A recent report from McKinsey & Co indicates that diversity in a company’s leadership is not just nice to have, but has a strong relationship to better financial performance. The report finds that companies in the top quartile of gender diversity were 15 percent more likely to have financial returns above the industry average, and companies in the top quartile of racial/ethnic diversity were 30 percent more likely to have such returns. On the other side of the spectrum, the least diverse companies were statistically less likely to perform above the industry average, meaning diverse companies are proving more profitable.
Why does gender diversity seem to have less of an impact? McKinsey’s report suggests that the earlier-begun work to increase women’s participation in the top level of business has already demonstrated some positive results. Whereas, according to this report, racial diversity has not been as strong of a focus for as long, and it is now starting to yield results for the companies who are focused on it.
The issue of diverse workplaces is an important topic for CDFIs, including OBDC (you can watch part of the discussion held at Opportunity Finance Network’s 2014 conference on the topic).
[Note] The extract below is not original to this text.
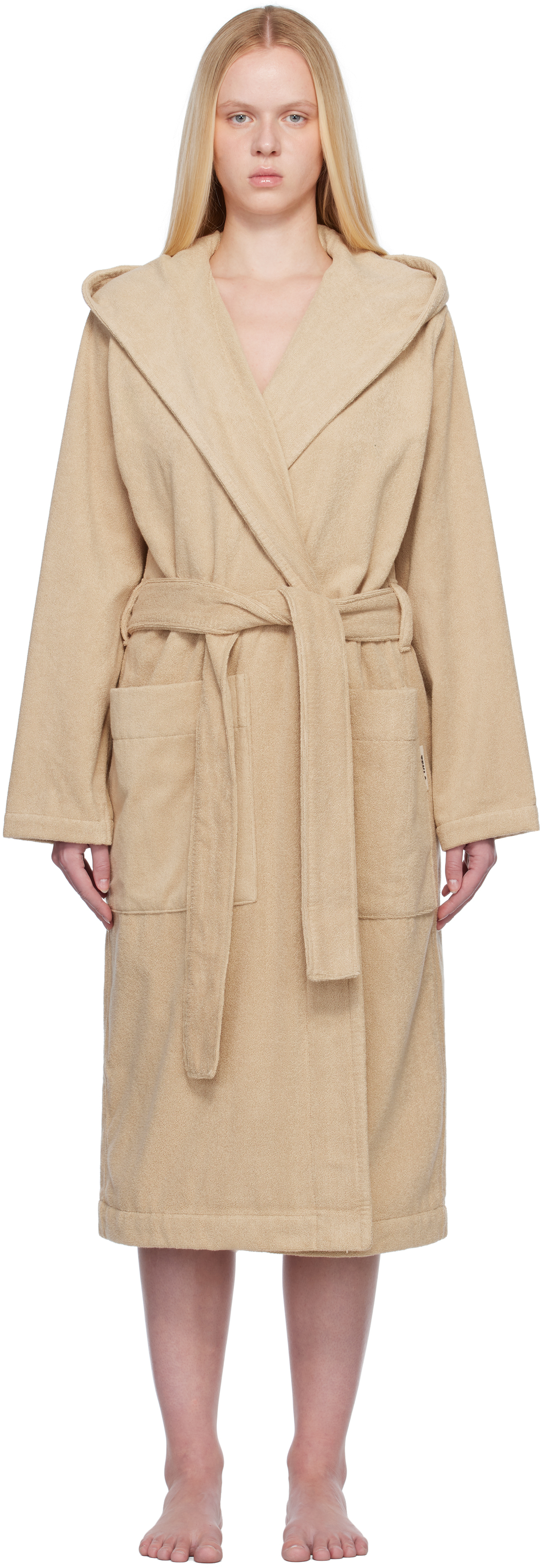Beige Terry Hooded Bathrobe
To truly be a community lender, OBDC believes it is important that our staff and board have strong cultural competencies and reflect the demographics of our community and clients. We are proud to be leading in this area, with a highly diverse, talented team that can meet the needs of our communities.
What can you do if your company or organization is in need of a transformation? This report suggests that two critical steps. One, have a visible commitment from your leadership team about inclusion and diversity, and, two, address unconscious bias in an articulated transformation program.